What is being asked:
In your answer, print each of the records below exactly.

______

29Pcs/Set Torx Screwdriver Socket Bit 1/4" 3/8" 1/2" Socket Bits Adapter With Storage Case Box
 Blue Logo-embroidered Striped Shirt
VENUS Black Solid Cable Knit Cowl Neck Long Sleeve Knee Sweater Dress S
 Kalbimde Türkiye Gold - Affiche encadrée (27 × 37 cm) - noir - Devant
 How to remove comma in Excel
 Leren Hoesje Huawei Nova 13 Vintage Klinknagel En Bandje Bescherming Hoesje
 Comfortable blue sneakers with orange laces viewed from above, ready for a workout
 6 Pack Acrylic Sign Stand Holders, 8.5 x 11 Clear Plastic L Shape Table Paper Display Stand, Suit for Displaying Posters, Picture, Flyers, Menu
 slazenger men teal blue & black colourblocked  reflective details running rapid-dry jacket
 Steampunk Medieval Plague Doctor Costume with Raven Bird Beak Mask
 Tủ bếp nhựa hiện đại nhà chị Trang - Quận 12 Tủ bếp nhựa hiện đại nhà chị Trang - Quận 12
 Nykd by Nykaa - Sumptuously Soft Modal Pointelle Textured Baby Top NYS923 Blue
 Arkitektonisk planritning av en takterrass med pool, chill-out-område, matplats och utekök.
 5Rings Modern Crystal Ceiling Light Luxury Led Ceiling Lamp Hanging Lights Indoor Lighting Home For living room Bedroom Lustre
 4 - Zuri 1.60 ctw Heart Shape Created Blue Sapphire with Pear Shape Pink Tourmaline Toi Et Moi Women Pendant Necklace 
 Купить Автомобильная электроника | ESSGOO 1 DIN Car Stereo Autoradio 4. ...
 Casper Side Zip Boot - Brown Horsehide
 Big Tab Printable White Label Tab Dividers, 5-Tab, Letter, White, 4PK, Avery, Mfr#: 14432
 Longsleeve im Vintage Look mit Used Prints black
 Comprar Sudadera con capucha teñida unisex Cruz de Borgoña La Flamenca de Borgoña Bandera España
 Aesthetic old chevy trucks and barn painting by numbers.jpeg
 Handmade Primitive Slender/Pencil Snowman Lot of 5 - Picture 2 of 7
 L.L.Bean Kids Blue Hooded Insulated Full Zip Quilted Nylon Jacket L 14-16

______

Response:
29Pcs/Set Torx Screwdriver Socket Bit 1/4" 3/8" 1/2" Socket Bits Adapter With Storage Case Box
 Blue Logo-embroidered Striped Shirt
VENUS Black Solid Cable Knit Cowl Neck Long Sleeve Knee Sweater Dress S
 Kalbimde Türkiye Gold - Affiche encadrée (27 × 37 cm) - noir - Devant
 How to remove comma in Excel
 Leren Hoesje Huawei Nova 13 Vintage Klinknagel En Bandje Bescherming Hoesje
 Comfortable blue sneakers with orange laces viewed from above, ready for a workout
 6 Pack Acrylic Sign Stand Holders, 8.5 x 11 Clear Plastic L Shape Table Paper Display Stand, Suit for Displaying Posters, Picture, Flyers, Menu
 slazenger men teal blue & black colourblocked  reflective details running rapid-dry jacket
 Steampunk Medieval Plague Doctor Costume with Raven Bird Beak Mask
 Tủ bếp nhựa hiện đại nhà chị Trang - Quận 12 Tủ bếp nhựa hiện đại nhà chị Trang - Quận 12
 Nykd by Nykaa - Sumptuously Soft Modal Pointelle Textured Baby Top NYS923 Blue
 Arkitektonisk planritning av en takterrass med pool, chill-out-område, matplats och utekök.
 5Rings Modern Crystal Ceiling Light Luxury Led Ceiling Lamp Hanging Lights Indoor Lighting Home For living room Bedroom Lustre
 4 - Zuri 1.60 ctw Heart Shape Created Blue Sapphire with Pear Shape Pink Tourmaline Toi Et Moi Women Pendant Necklace 
 Купить Автомобильная электроника | ESSGOO 1 DIN Car Stereo Autoradio 4. ...
 Casper Side Zip Boot - Brown Horsehide
 Big Tab Printable White Label Tab Dividers, 5-Tab, Letter, White, 4PK, Avery, Mfr#: 14432
 Longsleeve im Vintage Look mit Used Prints black
 Comprar Sudadera con capucha teñida unisex Cruz de Borgoña La Flamenca de Borgoña Bandera España
 Aesthetic old chevy trucks and barn painting by numbers.jpeg
 Handmade Primitive Slender/Pencil Snowman Lot of 5 - Picture 2 of 7
 L.L.Bean Kids Blue Hooded Insulated Full Zip Quilted Nylon Jacket L 14-16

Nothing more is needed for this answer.